Opinion
1097 KA 18-00799
03-11-2022
LEANNE LAPP, PUBLIC DEFENDER, CANANDAIGUA (GARY MULDOON OF COUNSEL), FOR DEFENDANT-APPELLANT. JAMES B. RITTS, DISTRICT ATTORNEY, CANANDAIGUA (V. CHRISTOPHER EAGGLESTON OF COUNSEL), FOR RESPONDENT.
LEANNE LAPP, PUBLIC DEFENDER, CANANDAIGUA (GARY MULDOON OF COUNSEL), FOR DEFENDANT-APPELLANT.
JAMES B. RITTS, DISTRICT ATTORNEY, CANANDAIGUA (V. CHRISTOPHER EAGGLESTON OF COUNSEL), FOR RESPONDENT.
PRESENT: WHALEN, P.J., CENTRA, NEMOYER, AND WINSLOW, JJ.
Appeal from a judgment of the Ontario County Court (Frederick G. Reed, A.J.), rendered February 3, 2017. The judgment convicted defendant upon a jury verdict of criminal sale of a controlled substance in the third degree (four counts) and criminal possession of a controlled substance in the third degree (two counts).

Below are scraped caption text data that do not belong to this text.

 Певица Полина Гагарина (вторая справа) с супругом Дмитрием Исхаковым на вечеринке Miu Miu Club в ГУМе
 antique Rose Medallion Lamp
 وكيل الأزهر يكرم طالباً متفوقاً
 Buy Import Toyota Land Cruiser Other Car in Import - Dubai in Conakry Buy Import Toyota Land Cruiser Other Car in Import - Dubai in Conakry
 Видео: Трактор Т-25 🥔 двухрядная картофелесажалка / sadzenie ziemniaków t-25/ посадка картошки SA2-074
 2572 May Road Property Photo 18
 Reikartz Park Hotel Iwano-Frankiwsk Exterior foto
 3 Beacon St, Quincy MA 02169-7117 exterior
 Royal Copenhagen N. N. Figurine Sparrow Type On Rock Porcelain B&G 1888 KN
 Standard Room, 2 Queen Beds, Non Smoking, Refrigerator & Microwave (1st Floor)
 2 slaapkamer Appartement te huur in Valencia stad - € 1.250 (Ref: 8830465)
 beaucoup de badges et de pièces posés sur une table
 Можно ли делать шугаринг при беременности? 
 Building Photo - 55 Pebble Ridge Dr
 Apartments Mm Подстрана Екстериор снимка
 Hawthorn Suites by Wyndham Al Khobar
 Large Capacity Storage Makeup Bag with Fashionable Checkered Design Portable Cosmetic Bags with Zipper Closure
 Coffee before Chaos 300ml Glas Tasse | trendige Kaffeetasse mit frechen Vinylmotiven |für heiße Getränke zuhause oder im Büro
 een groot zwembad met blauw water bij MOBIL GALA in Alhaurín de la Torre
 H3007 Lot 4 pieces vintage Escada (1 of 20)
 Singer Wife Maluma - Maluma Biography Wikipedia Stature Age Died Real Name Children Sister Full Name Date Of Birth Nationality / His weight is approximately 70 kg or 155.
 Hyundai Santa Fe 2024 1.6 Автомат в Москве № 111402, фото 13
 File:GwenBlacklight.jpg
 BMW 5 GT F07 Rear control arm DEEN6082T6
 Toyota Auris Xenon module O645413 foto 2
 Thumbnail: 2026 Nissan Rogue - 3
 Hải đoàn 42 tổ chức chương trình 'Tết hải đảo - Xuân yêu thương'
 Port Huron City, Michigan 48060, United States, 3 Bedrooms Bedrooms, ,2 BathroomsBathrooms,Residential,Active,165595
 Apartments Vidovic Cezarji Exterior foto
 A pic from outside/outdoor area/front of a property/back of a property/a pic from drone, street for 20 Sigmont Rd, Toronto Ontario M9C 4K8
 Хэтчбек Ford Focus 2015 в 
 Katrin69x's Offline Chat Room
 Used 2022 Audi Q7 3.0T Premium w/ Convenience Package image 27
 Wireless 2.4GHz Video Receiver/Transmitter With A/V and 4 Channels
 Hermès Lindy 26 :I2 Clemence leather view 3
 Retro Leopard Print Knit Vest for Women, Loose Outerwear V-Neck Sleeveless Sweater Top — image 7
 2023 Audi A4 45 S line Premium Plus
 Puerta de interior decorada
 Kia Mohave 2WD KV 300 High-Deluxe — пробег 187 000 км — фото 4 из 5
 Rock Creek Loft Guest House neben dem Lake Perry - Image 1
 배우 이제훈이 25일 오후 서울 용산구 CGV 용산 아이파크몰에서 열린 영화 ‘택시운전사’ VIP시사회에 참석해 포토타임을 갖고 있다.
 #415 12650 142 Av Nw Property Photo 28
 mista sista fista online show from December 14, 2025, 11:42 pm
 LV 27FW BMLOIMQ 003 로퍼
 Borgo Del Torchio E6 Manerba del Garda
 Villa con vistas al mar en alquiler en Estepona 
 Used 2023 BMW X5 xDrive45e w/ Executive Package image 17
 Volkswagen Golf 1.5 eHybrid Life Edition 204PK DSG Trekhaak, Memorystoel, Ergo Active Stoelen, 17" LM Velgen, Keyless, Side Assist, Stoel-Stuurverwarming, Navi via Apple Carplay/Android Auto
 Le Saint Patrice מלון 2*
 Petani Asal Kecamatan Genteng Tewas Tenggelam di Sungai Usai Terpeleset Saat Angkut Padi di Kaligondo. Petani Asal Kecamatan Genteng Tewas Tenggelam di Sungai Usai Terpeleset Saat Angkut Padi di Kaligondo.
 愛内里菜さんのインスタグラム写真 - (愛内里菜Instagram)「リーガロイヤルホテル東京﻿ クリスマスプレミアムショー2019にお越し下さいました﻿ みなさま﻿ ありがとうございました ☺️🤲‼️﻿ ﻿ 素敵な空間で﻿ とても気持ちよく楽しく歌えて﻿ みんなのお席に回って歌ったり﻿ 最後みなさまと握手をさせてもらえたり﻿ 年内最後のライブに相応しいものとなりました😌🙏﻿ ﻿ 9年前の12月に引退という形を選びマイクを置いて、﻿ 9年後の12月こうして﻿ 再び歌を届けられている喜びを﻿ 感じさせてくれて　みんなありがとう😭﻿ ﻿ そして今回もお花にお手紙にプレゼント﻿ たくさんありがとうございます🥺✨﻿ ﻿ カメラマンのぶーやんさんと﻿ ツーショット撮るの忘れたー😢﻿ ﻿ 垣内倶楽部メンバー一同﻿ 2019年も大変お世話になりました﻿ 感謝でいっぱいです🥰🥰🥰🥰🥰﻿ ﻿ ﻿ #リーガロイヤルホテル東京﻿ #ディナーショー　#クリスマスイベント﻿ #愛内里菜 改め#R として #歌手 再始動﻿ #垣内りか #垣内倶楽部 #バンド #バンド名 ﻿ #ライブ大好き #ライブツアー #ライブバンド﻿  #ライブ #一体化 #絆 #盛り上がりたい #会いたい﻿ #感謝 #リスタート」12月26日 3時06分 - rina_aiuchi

It is hereby ORDERED that the judgment so appealed from is unanimously modified as a matter of discretion in the interest of justice by reducing the sentence of imprisonment imposed on each count to a determinate term of eight years, and as modified the judgment is affirmed.
Memorandum: Defendant appeals from a judgment convicting him upon a jury verdict of four counts of criminal sale of a controlled substance in the third degree (Penal Law § 220.39 [1]) and two counts of criminal possession of a controlled substance in the third degree (§ 220.16 [1]).
To the extent that defendant contends that he was improperly penalized for asserting his right to a trial, that contention is not preserved for our review (see People v Fudge, 104 A.D.3d 1169, 1170 [4th Dept 2013], lv denied 21 N.Y.3d 1042 [2013]; People v Griffin, 48 A.D.3d 1233, 1236-1237 [4th Dept 2008], lv denied 10 N.Y.3d 840 [2008]; People v Irrizarry, 37 A.D.3d 1082, 1083 [4th Dept 2007], lv denied 8 N.Y.3d 946 [2007]) and, in any event, that contention lacks merit (see People v Washington, 160 A.D.3d 1451, 1452 [4th Dept 2018]; Griffin, 48 A.D.3d at 1236-1237). However, we agree with defendant that the sentence is unduly harsh and severe under the circumstances of this case. Thus, as a matter of discretion in the interest of justice, we modify the judgment by reducing the sentence of imprisonment imposed on each count to a determinate term of eight years (see CPL 470.15 [6] [b]), to be followed by the three years of postrelease supervision imposed by County Court, with the sentences remaining concurrent.
Finally, as the People correctly concede, the certificate of conviction incorrectly reflects that defendant was sentenced as a second violent felony offender, and it must therefore be amended to reflect that defendant was sentenced as a second felony offender (see People v Williams, 187 A.D.3d 1564, 1565 [4th Dept 2020]; People v Kowal, 159 A.D.3d 1346, 1347 [4th Dept 2018]).